We stopped eating beef 6 years ago, after 14 months spent gazing at one bald, over-grazed hill, which stuck out like a sore thumb from the lush rainforest outside our home in Belize. A year later, we stopped eating all other forms of animal flesh. It seemed unethical to support the destruction of natural habitats to feed our appetite for flesh.
We had read that each pound of feedlot beef can “cost” up to 25 pounds of grain and 2,500 gallons of water. We could no longer justify eating at the top of the food chain, when billions of people suffer from malnutrition and have no access to safe water. According to Vegan Wolf “An estimated 85 percent of all U.S agricultural land is used in the production of animal foods.”

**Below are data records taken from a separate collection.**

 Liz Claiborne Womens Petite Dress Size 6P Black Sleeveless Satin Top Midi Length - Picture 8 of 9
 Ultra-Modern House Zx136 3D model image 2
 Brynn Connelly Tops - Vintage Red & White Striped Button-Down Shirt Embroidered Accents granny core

Meanwhile, the beef industry struggles to defend it’s right to feed animal protein to cattle:
To Prevent Mad Cow Disease, F.D.A. Proposes New Restrictions on Food for Animals
The new proposal still allows chickens, pigs and other noncattle animals to be fed material that some scientists consider potentially infectious, including the brains and spinal cords of young animals, and the eyes, tonsils, intestines and nerves of older ones.

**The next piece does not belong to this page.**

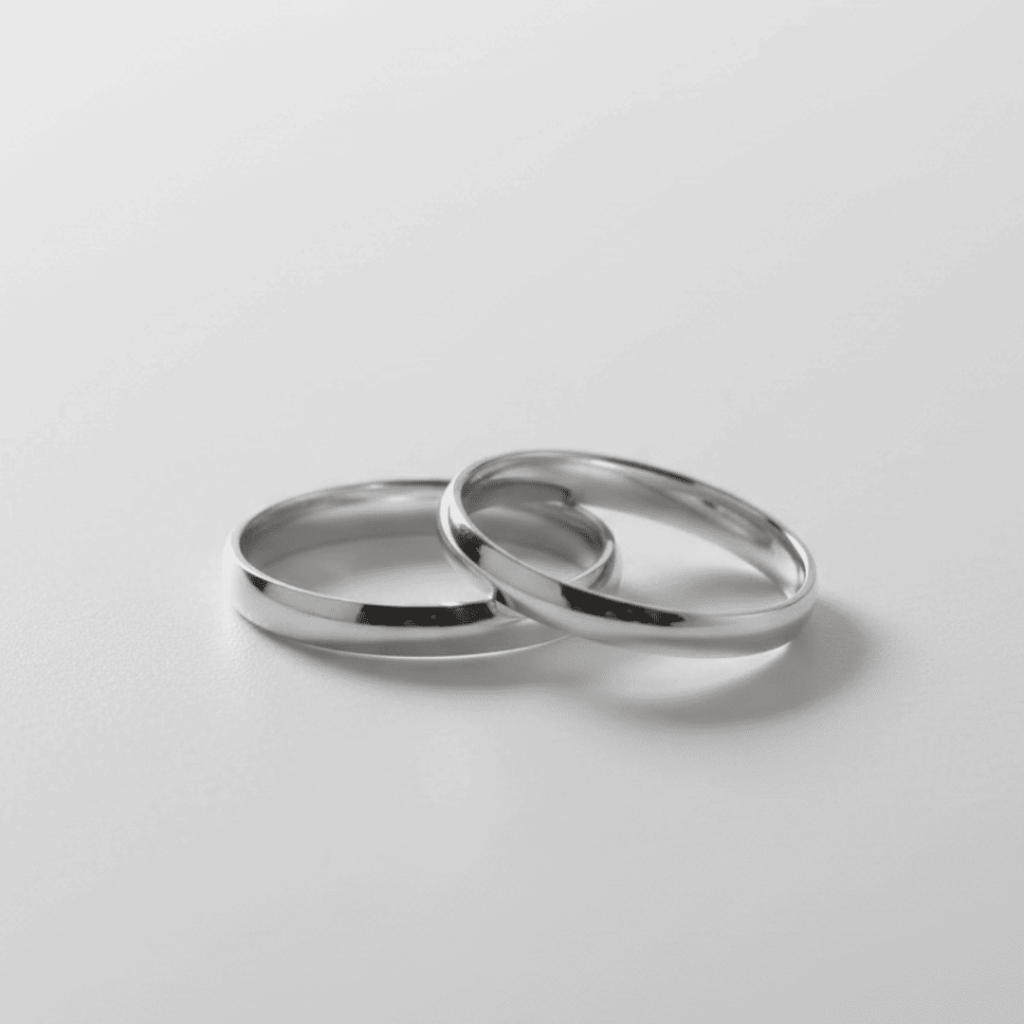 Par de Aliança de Namoro Casamento Prata 925 Brilhante Compromisso Noivado #44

The major meat processors that also own rendering plants, Mr. Stauber said, want to keep exporting cheap protein or feeding it to their own animals and have lobbied hard to keep the right to do so.
The idea of cattle eating pieces of other animals is disgusting and strengthens our decision to further eliminate animal products from our diet. Last year, we cut our consumption of dairy and eggs in half, and as of today will only buy organic dairy products and free-range eggs.